### Exercise prompt
Exactly as written and without the pictures, output the entries below.

------------

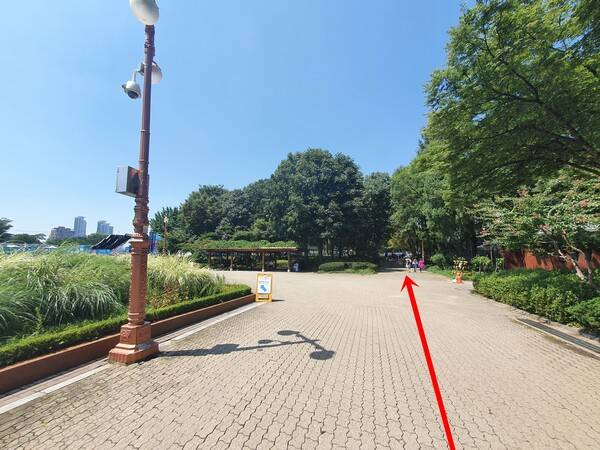 좌측 정면에 정자가 보이는데, 그 옆으로 쭉 직진한다.&nbsp;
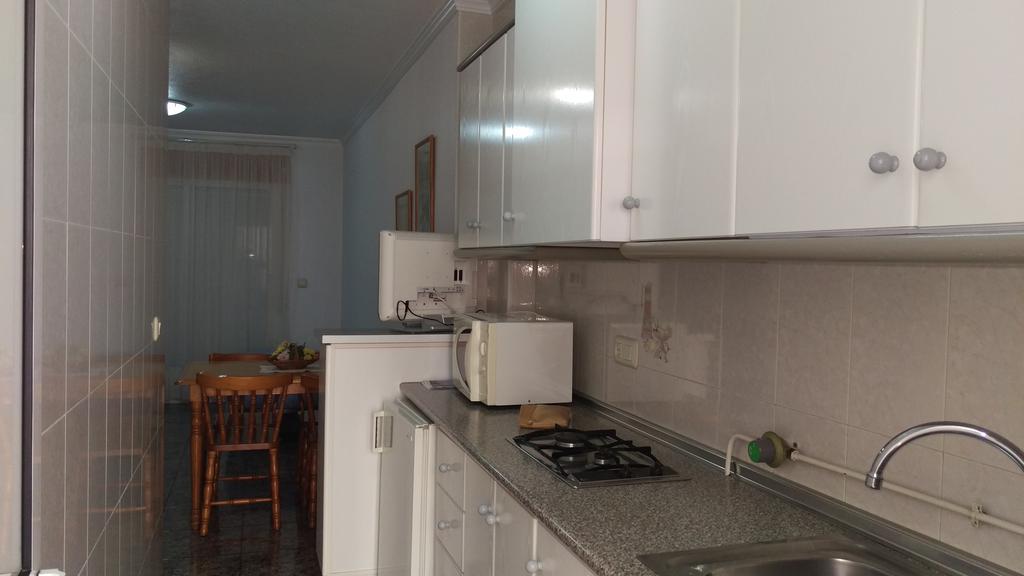 Apartamentos Berlin 산페드로델피나타르 외부 사진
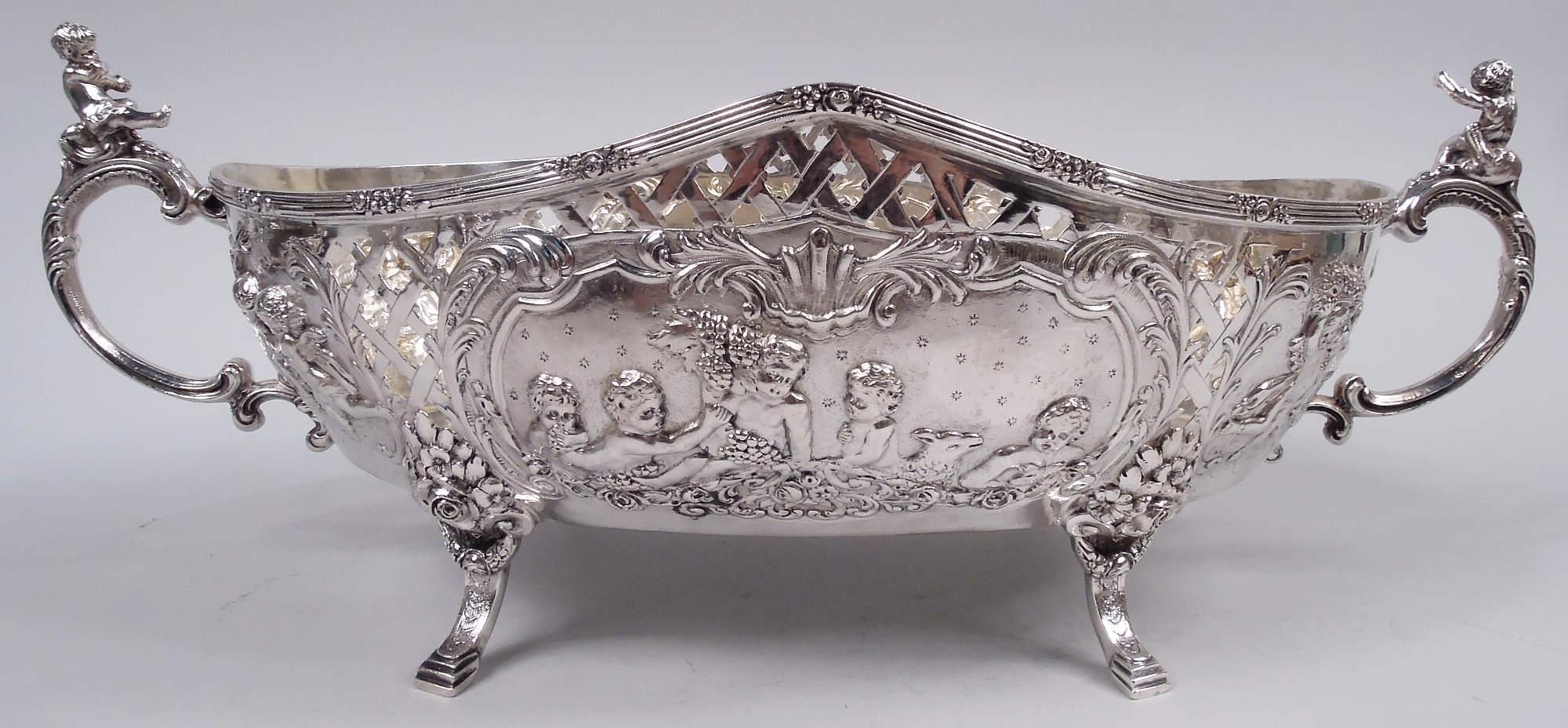 Antique German Classical Silver Centerpiece Bowl C 1910 In Good Condition For Sale In New York, NY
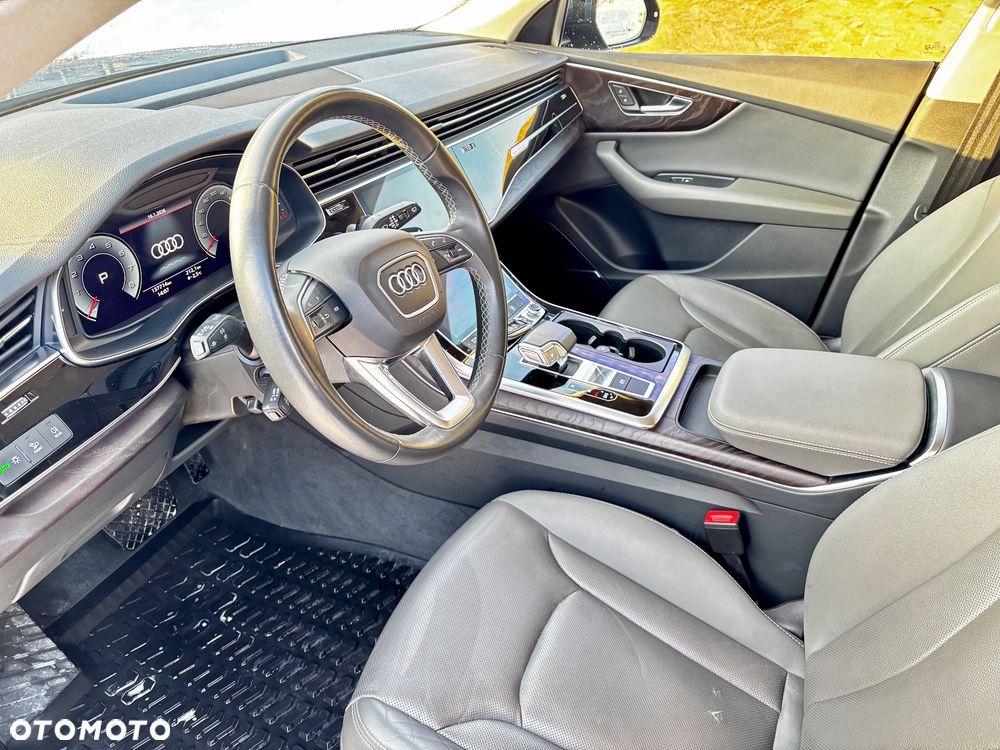 Audi Q8 SUV TFSI quattro 250 kW tiptronic - 1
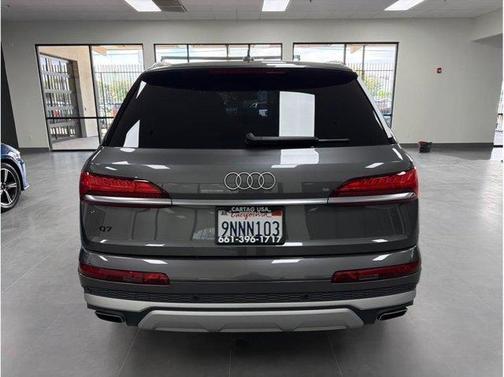 Samurai Gray Metallic 2025 Audi Q7 45 Premium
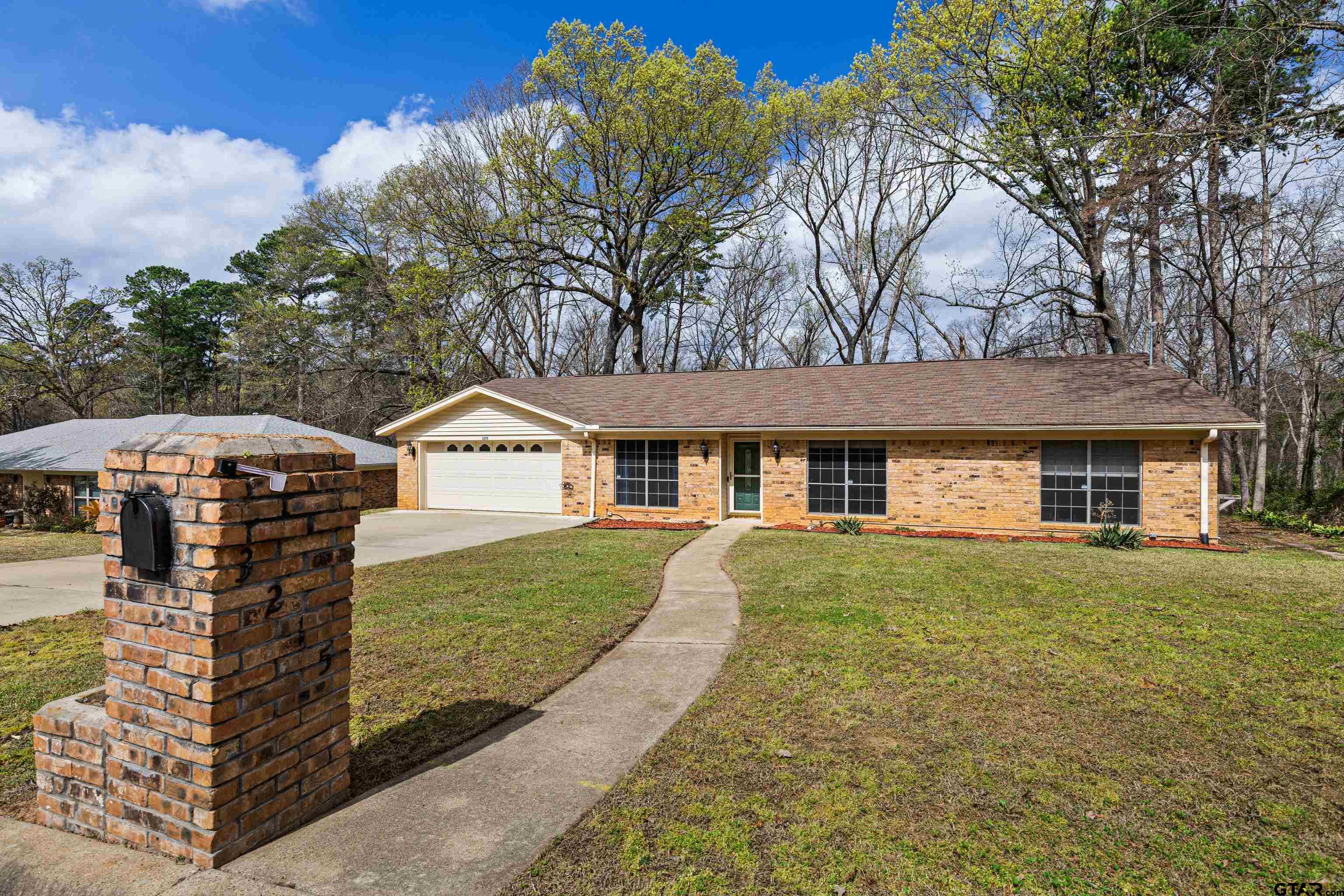 3215 Restview Street Longview, TX 75605 - Photo 1 of 44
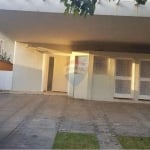 Casa de condomínio para alugar no Housing 2. Com 150 m², 03 quartos (1 suíte), 03 banheiros, lavabo, área externa com churrasqueira, ducha e gramado.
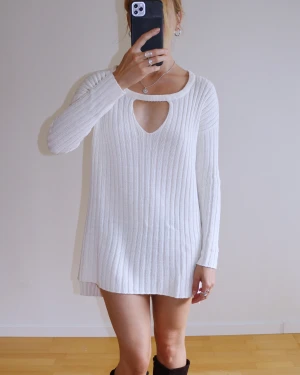 Knitted dress - Very good condition, no stains or holes. 50/50 cotton/acryl material. Size on the label XS but fits like “one size” because it stretches and has a loose fit. 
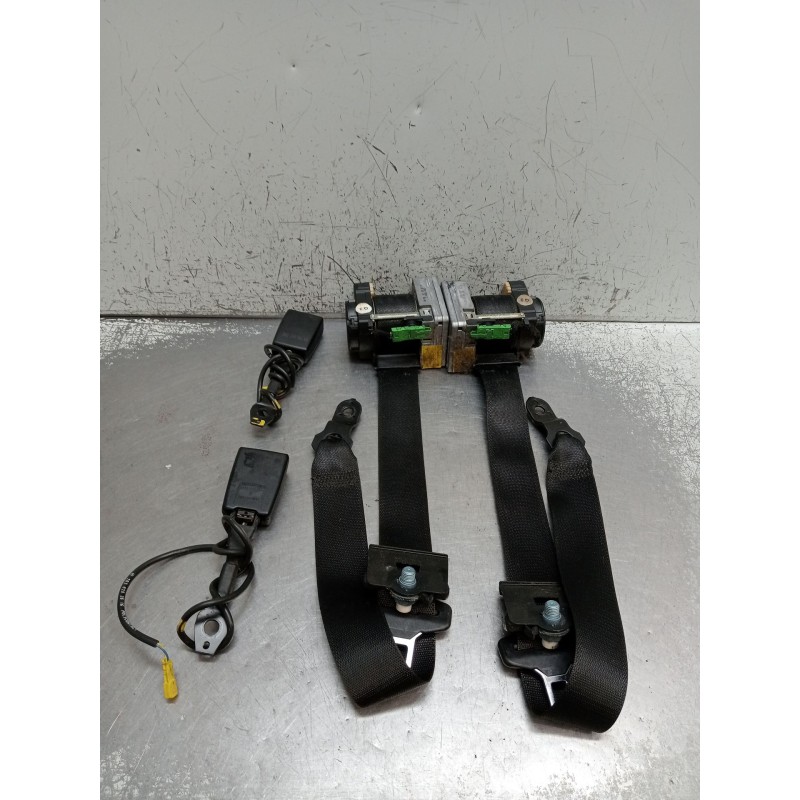 Recambio de juego cinturones delantero para mercedes-benz clase c (w203) c 220 cdi (203.006) referencia OEM IAM   2000 4P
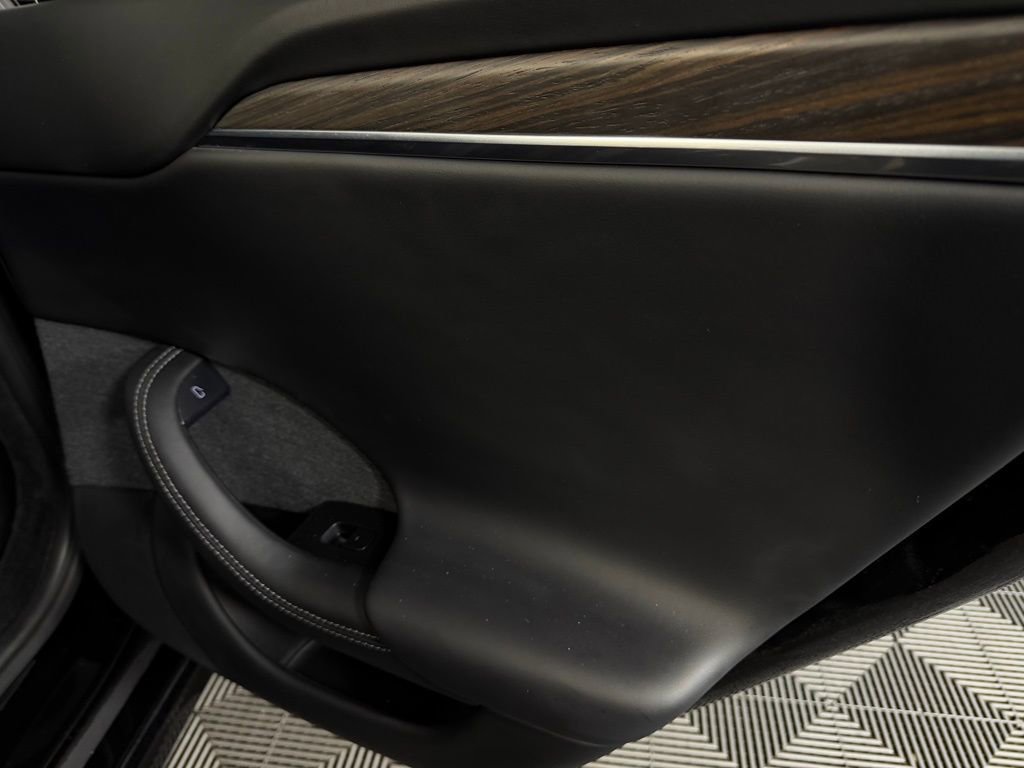 Used 2024 Tesla Model S AWD/4WD image 32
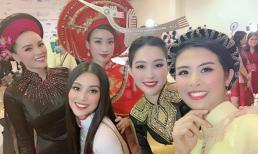 Bức ảnh 'hot' nhất chung kết HHVN 2020: Cả 5 Hoa hậu các mùa chung một khung hình, nhan sắc bất phân thắng bại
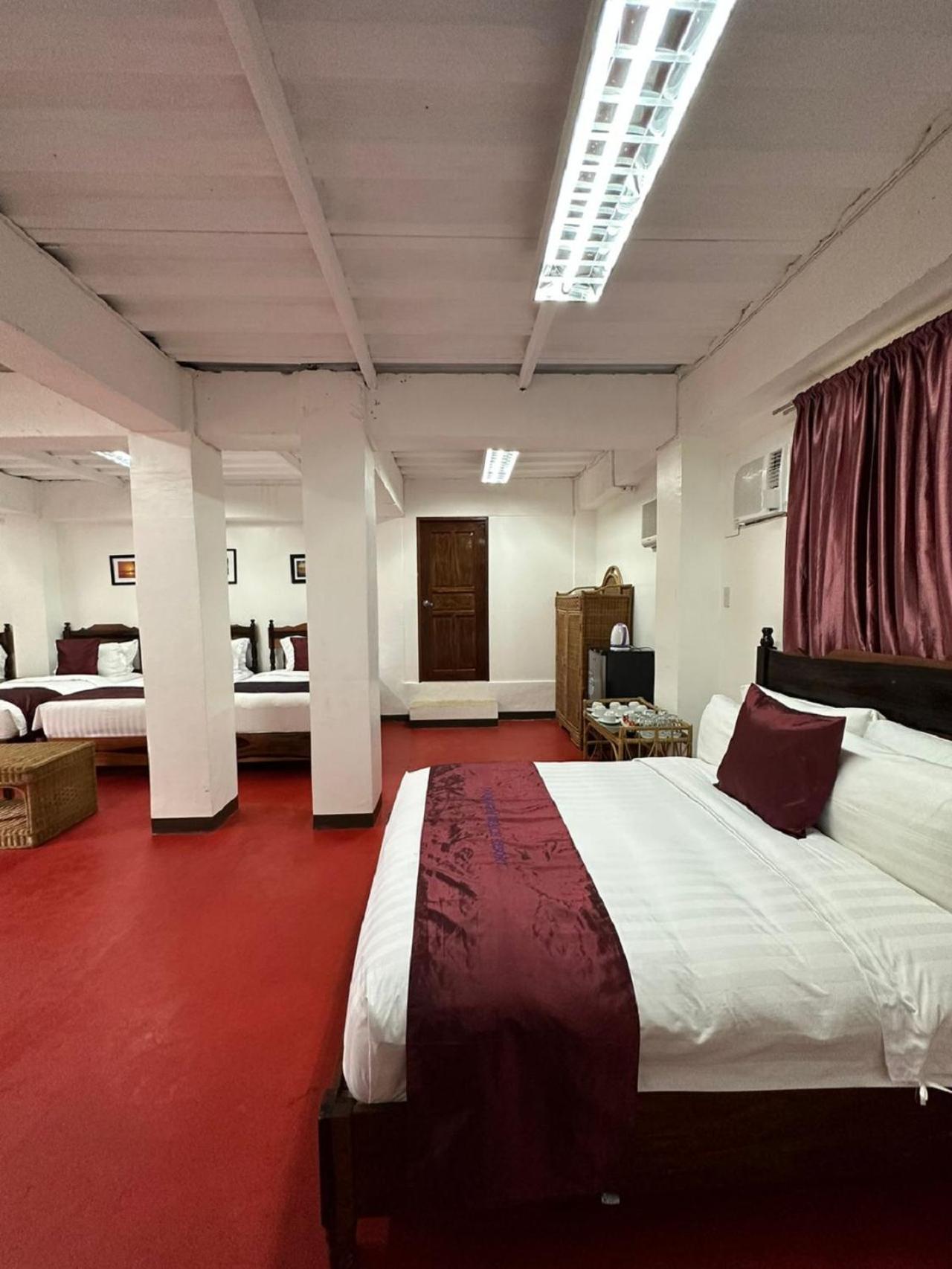 Mixed Dormitory Room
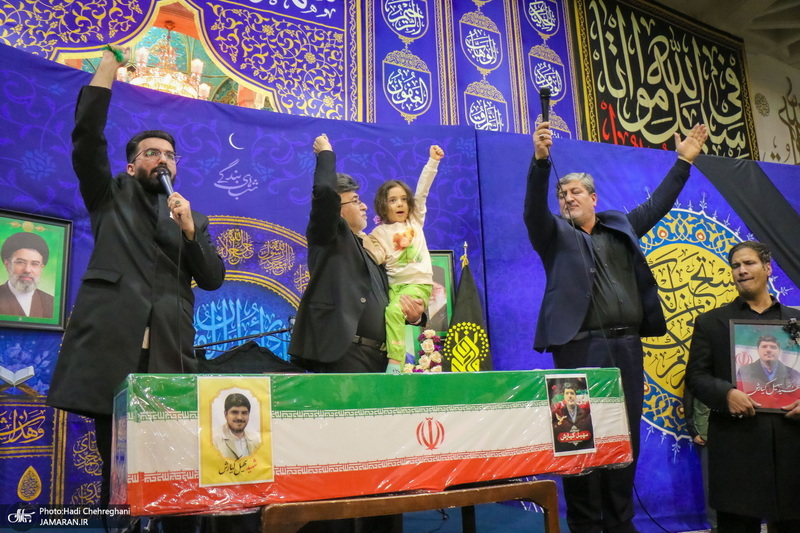 مراسم بزرگداشت شهید علی لاریجانی در حرم حضرت معصومه (س)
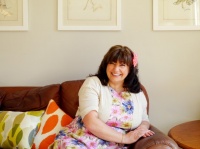 My Houzz: A Cottage With Cozy Charm and Show Biz Treasures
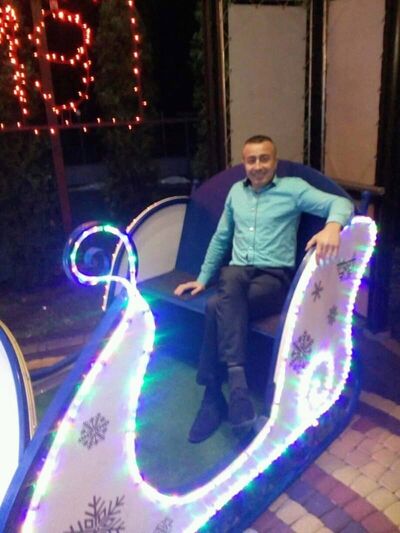  ,   Ihor, 41 ,   ,   , c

------------

### Written answer
 좌측 정면에 정자가 보이는데, 그 옆으로 쭉 직진한다.&nbsp;
 Apartamentos Berlin 산페드로델피나타르 외부 사진
 Antique German Classical Silver Centerpiece Bowl C 1910 In Good Condition For Sale In New York, NY
 Audi Q8 SUV TFSI quattro 250 kW tiptronic - 1
 Samurai Gray Metallic 2025 Audi Q7 45 Premium
 3215 Restview Street Longview, TX 75605 - Photo 1 of 44
 Casa de condomínio para alugar no Housing 2. Com 150 m², 03 quartos (1 suíte), 03 banheiros, lavabo, área externa com churrasqueira, ducha e gramado.
 Knitted dress - Very good condition, no stains or holes. 50/50 cotton/acryl material. Size on the label XS but fits like “one size” because it stretches and has a loose fit. 
 Recambio de juego cinturones delantero para mercedes-benz clase c (w203) c 220 cdi (203.006) referencia OEM IAM   2000 4P
 Used 2024 Tesla Model S AWD/4WD image 32
 Bức ảnh 'hot' nhất chung kết HHVN 2020: Cả 5 Hoa hậu các mùa chung một khung hình, nhan sắc bất phân thắng bại
 Mixed Dormitory Room
 مراسم بزرگداشت شهید علی لاریجانی در حرم حضرت معصومه (س)
 My Houzz: A Cottage With Cozy Charm and Show Biz Treasures
  ,   Ihor, 41 ,   ,   , c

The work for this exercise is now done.